Why Are There So Many Bible Translations?

The very fact that we study the Bible in English implies that someone has already interpreted the original message into our language. Discover the Bible’s organization and its numerous translations to understand some of our interpretive challenges. 

  • The Bible is 1 narrative, 2 testaments, 66 books, 39 Old Testament books, 27 New Testament books
  • 1,189 chapters, 31,173 verses, 773,692 words
  • The Bible was written by Kings to shepherds, Scholars to fishermen, Prophets to generals, Tax collectors to doctors, And cupbearers to priests.
  • The Bible was written over a 2,000 year span, On 3 different continents, In 3 different languages 

Biblical Sections

  • Old Testament
    • Law
    • History
    • Writings
    • Prophets
  • New Testament
    • Gospels
    • Acts
    • Letters
    • Revelation

What Scripture Teaches

All Scripture is breathed out by God and profitable for teaching, for reproof, for correction, and for training in righteousness, that the man of God may be complete, equipped for every good work (2 Tim. 3:16-17).

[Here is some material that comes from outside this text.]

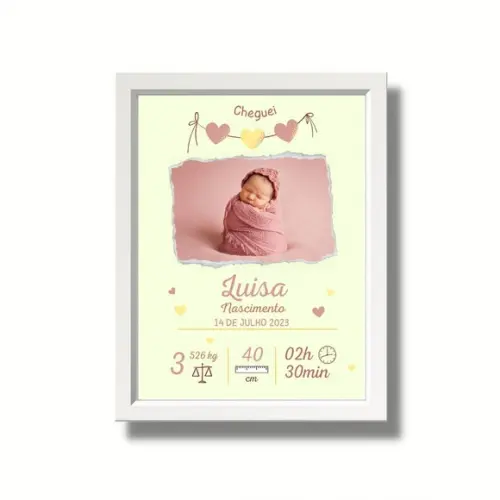 Quadro Bebe Nascimento Moldura Branca e Vidro 33x43 cm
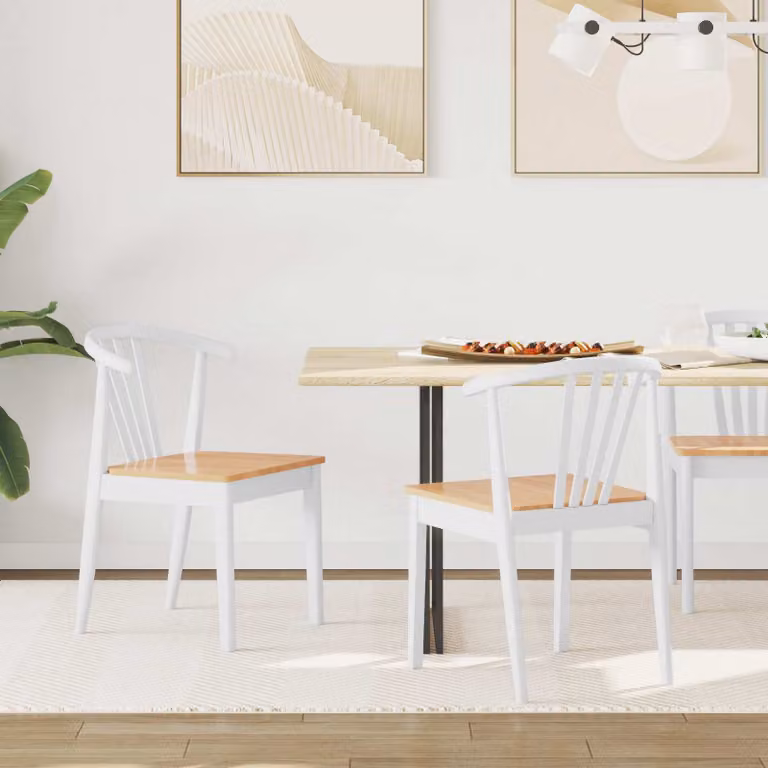 Set di 2 sedie da pranzo vidaXL in legno di gomma con seduta in tessuto, colore bianco e naturale, stile scandinavo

  • Teaching – what’s right
  • Reproof – what’s not right
  • Correction – how to make it right
  • Training – how to keep it right

The Bible Is:

  • Inspired – breathed out by God
  • Infallible – Scripture is incapable of teaching error
  • Inerrant – the original translations contain no error 


  • The very fact that you are reading the Bible in English means that you have already entered the process of interpretation.
  • Someone translated the words that you are reading and they had difficult decisions of which you are unaware.

3 Types of Translations

  • Word-for-Word attempts to keep the translation as close as possible to exact words and phrasing in the original languages.
  • Thought-for-Thought attempts to translate words and phrases into dynamic equivalents in the receptor language.
  • Feeling-for-Feeling attempts to translate the feel of the text from one language to the other with less concern about original wording.